What if the British Monarchy used Ultimogeniture with a Retirement Age of 55
So let’s say we adopt absolute ultimogeniture coupled with a mandatory retirement age of 55. What would the succession to Elizabeth II have looked like? QEII herself would have retired when she reached 55, which was all the way back in 1981. She would have been succeeded by Prince Edward right then, who presumably would have been known as King Edward IX from his accession at the age of 17, and he would have reigned until he reached retirement age in 2019. At that time he would have been succeeded by his youngest child, James, aged 12. He’d now be 14, perhaps known as King James VIII. Yes, VIII; England had only two Jameses, but Scotland has had seven, and per Winston Churchill the higher of the two takes precedence.
If you ask me 17 and even 12 is old enough to reign without a regency, but if a minor must have a regent per the rule established in the Regency Act of 1937 the next person of age in the line of succession becomes regent (yes, in the actual act it’s 21, but that was the age of majority back then; if it were crafted nowadays it’d be 18). Under this ultimogeniture system, that’s currently none other than his older sister Louise, who turned 18 on November 8, 2021. Before that time Eugenie would have been Princess Regent.

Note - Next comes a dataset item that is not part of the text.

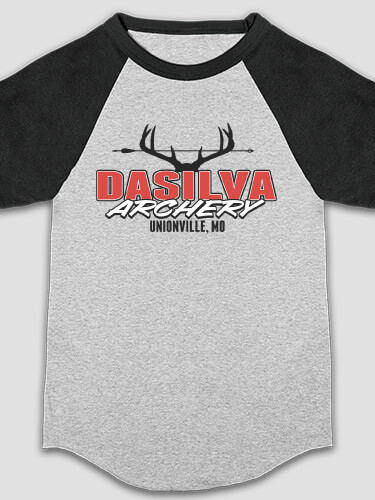 Archery Sports Grey/Black Kid's Raglan T-Shirt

Barring unforeseen circumstances Louise would continue as Princess Regent of the United Kingdom until James reaches the age of majority on December 17, 2025. James’s reign would be scheduled to expire when he reaches 55 on December 17, 2062.
King Edward IX, meanwhile, would have also acceded to the throne while underage. His regent would have been Prince Andrew, though his stint would have been brief, since Edward reached 18 on March 10, 1982, less than a year after his April 21, 1981 start date.
Let’s compare this system with imposing an age cap of 55 within today’s system. Elizabeth II still retires at age 55 in 1981, but is succeeded by Charles, as in real life, just 41 years (!) early. King Charles III then reigns from the age of 32 until he reaches the age of 55 in 2003. William then succeeds Charles, presumably as King William V, in 2003 at the age of 21, and he would still sit on the throne today, with his reign scheduled to expire on June 21, 2037. At that point George, presumably as King George VII, would take over at the age of 23, and reign until he reached 55 in 2068.
So it’s really the age cap that makes the difference, though ultimogeniture seems to help substantially. These sort of inverted inheritance systems coupled with age caps have much to recommend them, especially in a world rapidly grappling with old-age dependents taking the place of childhood dependents, and especially in a world where technological developments may well cause longevity escape velocity in the not-too-distant future, necessitating stronger mechanisms to funnel wealth and power out of the hands of the old and into the hands of the young. Science-fiction worldbuilders take note, and fantasy worldbuilders wonder “what if?”: monarchical succession can and should be far more interesting than modernity’s tame domesticated version.